Firefighters received the call at 7:26 a.m. and had the blaze under control at 7:43 a.m. Eight trucks and 30 firefighters from Kahuku, Hauula, Kaaawa, Kahaluu and Kaneohe responded, Tejada said.

"They were on it really quick," Meier said. "Once they got there and got their hoses onto the fire, it was under control in a manner of minutes."

Tommy Heffernan, who lives five houses from the house that burned, also praised the firefighters' work as "well executed" and said he was happy to help pull fire hoses to help out.

"It's a natural thing to respond, to try and help out," said Heffernan, a retired prison guard and assistant Kahuku football coach. He also said it was "automatic common sense" to let the professionals do their jobs.

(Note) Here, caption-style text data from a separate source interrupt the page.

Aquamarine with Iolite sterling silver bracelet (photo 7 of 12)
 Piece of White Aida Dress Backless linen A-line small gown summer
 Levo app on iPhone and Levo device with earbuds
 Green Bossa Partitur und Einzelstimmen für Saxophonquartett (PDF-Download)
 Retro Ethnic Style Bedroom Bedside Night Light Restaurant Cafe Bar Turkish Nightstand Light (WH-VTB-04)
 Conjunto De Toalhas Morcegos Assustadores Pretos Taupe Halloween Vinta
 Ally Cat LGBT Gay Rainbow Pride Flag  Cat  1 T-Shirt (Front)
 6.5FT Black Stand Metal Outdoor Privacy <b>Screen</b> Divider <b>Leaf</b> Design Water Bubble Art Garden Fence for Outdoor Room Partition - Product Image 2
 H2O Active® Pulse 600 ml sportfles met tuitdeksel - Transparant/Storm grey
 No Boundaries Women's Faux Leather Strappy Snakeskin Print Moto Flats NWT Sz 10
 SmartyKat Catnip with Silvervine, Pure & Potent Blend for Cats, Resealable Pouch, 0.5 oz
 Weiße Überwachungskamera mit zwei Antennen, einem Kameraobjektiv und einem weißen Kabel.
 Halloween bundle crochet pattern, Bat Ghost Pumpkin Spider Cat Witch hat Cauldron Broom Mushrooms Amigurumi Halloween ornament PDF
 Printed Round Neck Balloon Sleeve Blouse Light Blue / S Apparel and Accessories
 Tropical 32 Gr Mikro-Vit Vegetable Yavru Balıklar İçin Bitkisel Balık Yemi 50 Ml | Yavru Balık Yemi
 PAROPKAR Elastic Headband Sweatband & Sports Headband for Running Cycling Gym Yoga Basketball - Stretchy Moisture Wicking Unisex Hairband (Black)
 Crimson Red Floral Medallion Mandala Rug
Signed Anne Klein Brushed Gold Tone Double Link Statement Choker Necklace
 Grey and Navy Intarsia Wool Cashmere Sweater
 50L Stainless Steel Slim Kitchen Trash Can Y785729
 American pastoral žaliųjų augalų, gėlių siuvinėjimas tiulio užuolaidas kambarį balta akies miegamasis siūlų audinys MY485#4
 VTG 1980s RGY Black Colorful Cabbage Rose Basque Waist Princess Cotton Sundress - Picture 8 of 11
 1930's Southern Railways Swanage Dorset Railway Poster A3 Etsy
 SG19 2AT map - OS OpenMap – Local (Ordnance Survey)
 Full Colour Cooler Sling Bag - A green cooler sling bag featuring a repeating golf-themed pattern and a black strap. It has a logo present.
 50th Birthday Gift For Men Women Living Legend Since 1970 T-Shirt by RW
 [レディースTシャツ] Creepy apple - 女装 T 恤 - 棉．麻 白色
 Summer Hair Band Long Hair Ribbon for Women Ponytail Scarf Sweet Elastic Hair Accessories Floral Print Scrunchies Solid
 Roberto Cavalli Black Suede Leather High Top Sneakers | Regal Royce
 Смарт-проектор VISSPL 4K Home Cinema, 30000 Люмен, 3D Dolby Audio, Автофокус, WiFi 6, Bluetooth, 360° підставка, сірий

"Sometimes people come out and help us pull hoses, which is OK, as long as somebody (a firefighter) is directing them and it's done in a very safe manner," Tejada said. "We don't want anybody to get hurt. If we think it's unsafe, we'll tell them."

Damage to the house was estimated at $120,000 and $20,000 for its contents, Tejada said.

Meier, who moved into the neighborhood four months ago, said the community spirit was evident in response to the fire.

"It was really cool. Everybody in the community came out of their houses" and checked on each other, he said. "Thank God no one was injured. Stuff can be replaced. People can't."